The federal court won’t be allowing the owner of a tugboat that sunk in Howe Sound in 2014 to take the Canadian Coast Guard to trial.
Robin Beasse, who owned the Elf tugboat, applied for a summary trial on the basis that the Coast Guard was responsible for the loss of his vessel.
Summary trials are based on written evidence rather than hearing witnesses in court.
The Elf sank in Squamish in January 2014. The Coast Guard raised the boat and towed it before it sank a second time near Point Atkinson, B.C.
It wasn’t raised again, as authorities pegged the cost between $650,000 to $2 million.
In 2018, the federal court ordered Beasse to pay more than $82,000 in cleanup costs as the result of the ship sinking.
After that decision, Beasse asked the court to grant him a summary trial against the Coast Guard with respect to the Elf.
“The plaintiff submits that, when the [Coast Guard] took possession of the Elf after the first sinking, it subsequently became liable for the second sinking,” said Justice Glennys McVeigh, summarizing Beasse’s argument.
In her judgment of the case, published on May 31, McVeigh disagreed with Beasse’s reasoning and dismissed the motion for a summary trial.
“The plaintiff points towards no clear and specific act of incompetency by the [Coast Guard] but, rather, asserts broadly that the [Coast Guard] failed in its duty of care,” said McVeigh, in her judgment.
“I do not see how this argument can succeed.”
McVeigh also said that the Coast Guard acted in a responsible manner.
“It is clear that, in terms of the duty of care, once the [Coast Guard] had taken reasonable steps to determine that theElf was ready to be towed, it had no further duty to ensure that the Elfwas seaworthy,” she said.
“I find that at all times, after taking control of the Elf after the first sinking, the [Coast Guard] acted reasonably and with due diligence.”
She noted that no repairs were done to the boat — which was built in 1902 — since Beasse acquired the vessel from its previous owners in 2012.
“He was aware of wood rot in the superstructure of the Elf,yet did not have it repaired,” McVeigh said.
“Below the waterline, the hull had not been examined or inspected by a marine surveyor or anyone else either before or after it was purchased in October 2012.”
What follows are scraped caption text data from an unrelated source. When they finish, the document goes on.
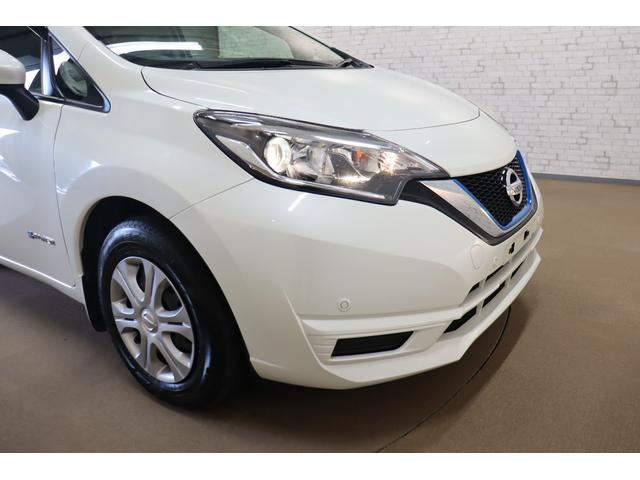 ノート ｅ－パワー　Ｘ　全周囲カメラ　ナビ　ＴＶ　クリアランスソナー　レーンアシスト　衝突被害軽減システム　スマートキー　アイドリングストップ　電動格納ミラー　ＣＶＴ　盗難防止システム　衝突安全ボディ　ＡＢＳ　ＥＳＣ　ＣＤ（31枚目）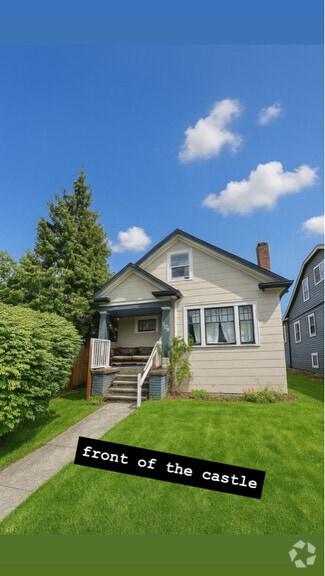 Building Photo - 5022 7th Ave NE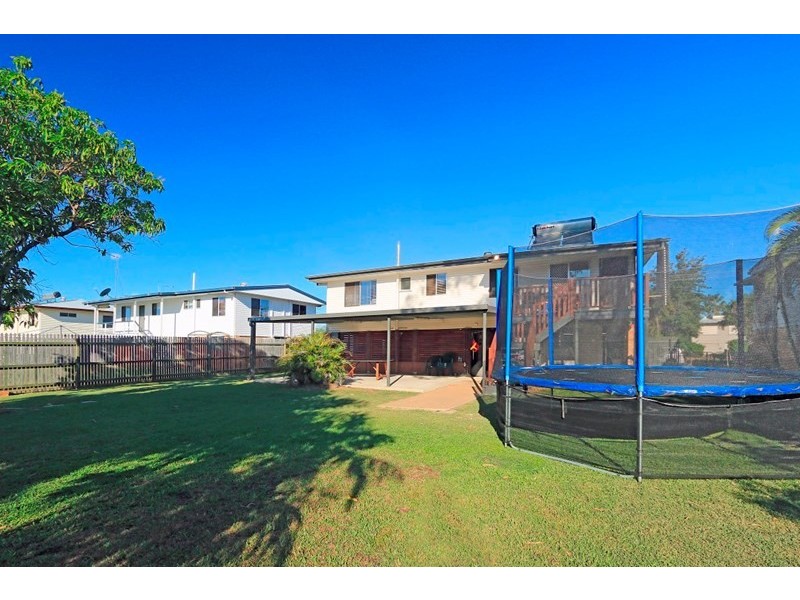 63 Gray Street, Park Avenue QLD 4701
Before sinking, the Elf was moored alongside a barge known as the King Arthur, located in the Mamquam Blind Channel. The barge was owned by Squamish resident Steen Larsen.
According to the judge’s written ruling, Larsen initially identified himself to Coast Guard officials as the owner of the Elf before Beasse arrived at the scene of the first sinking in Squamish. The court found that Larsen had use of the Elf in exchange for looking after it but did not have ownership of the vessel.